I've been walking around with people and been like, Okay, where's the Indian restaurant? and no one else can smell it and I don't figure it out until like a block and a half later when I see it across the street about 150 metres away.
I don't really think my sense of smell is extraordinary; I feel pretty average most days, but, like, I remember zeroing in on someone and having a disproportionate interest in them because they smelled amazing to me, like leather and eucalyptus, and their house smelled amazing, too, like green, because there were so many plants, and also, again, like eucalyptus - I never figured out where that smell was coming from; I think it might have been some kind of cream. They may have smelled nicer, too, because they ate really healthy.
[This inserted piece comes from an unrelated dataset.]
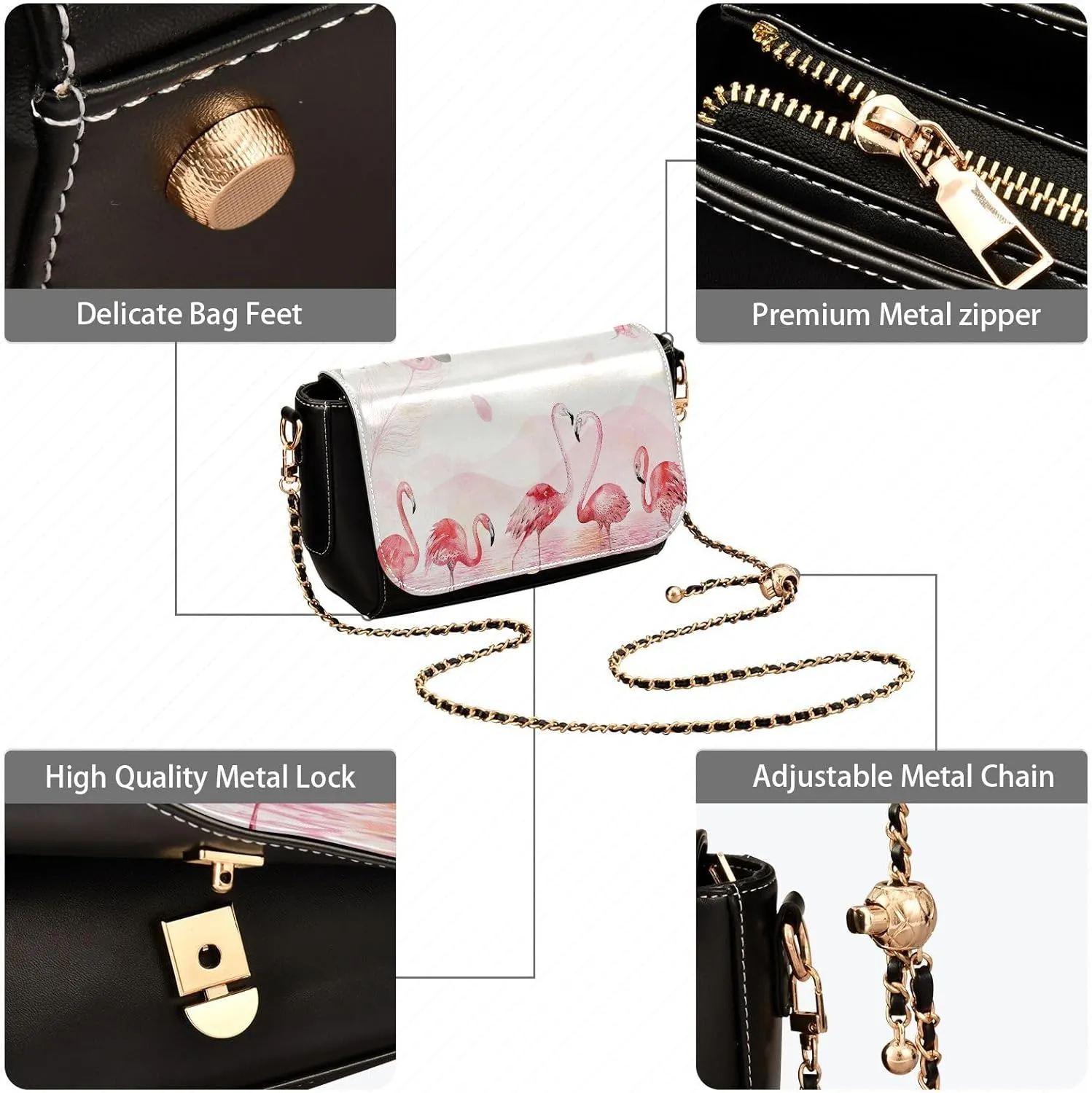 Crossbody Bags for Women Trendy Women's Black Shoulder Bag Small PU Leather Flap Cross Body Bag Handbags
...and somewhat embarrassingly in retrospect, I dated someone who wore leather and used a eucalyptus shaving cream. (I had not connected those dots together until now and am sort of personally offended.) I definitely move towards people who smell good to me and away from people who smell bad. Smokers aren't a real favourite with me. There's something that I pick up from ~50 year old men on the bus that they're wearing that smells sickly to me. There's a lot of perfumes I don't like and a few that I really do.
If I'm looking for a seat on public transit and I walk by someone who smells good I tend to sit near them on autopilot, which I sort of feel is a creepy werewolf thing, but I do not really have any qualms about this. It's mostly pretty subconscious and it's not like anyone else would notice any kind of unusual behaviour. I sat behind a guy last week who smelled amazing, like coffee and something sweet, but not sweetened coffee and it was great, A+ transit smell, but there was a point at which another smell interfered and it was sad, like cleaners coming into a rose-filled lobby with something incredibly bleach-heavy.
I tend to choose to surround myself with scents that are neutral or subtle. I'm particular about what I choose to wash my clothes with and if I'm picking out a product I'll probably go with the one that claims to be scentless or have no perfume - that tends to be safer for me.
Cooking smells are sort of annoying to me when they're not my own, because I'm sort of easily suggestible. Like, I pretty much never eat fries - but I have neighbours now who regularly make fish and chips, so I'm exposed to that smell, and (I'm a vegetarian) so I end up eating poutine and making sweet potato fries way more than I normally would. I ate a lot of fried rice and pizza when I lived somewhere else, for the same reason. The smell of cooking flows through open windows and through the cracks in doors and between floorboards.
So, that's a little bit of what smell is like for me, and why I've read fic and gone Sidney Crosby is a Sentinel? ...and he is standing where? He totally knows what is being cooked in that other room. What is this factual inaccuracy. *grumble* Like, it's fine, it's just weird to me, and really obvious that the writer isn't as tuned into their sense of smell as I am. Everyone's different.
Hopefully this will be useful to someone writing about werewolves or something and not just one big exposition of my personal weirdness.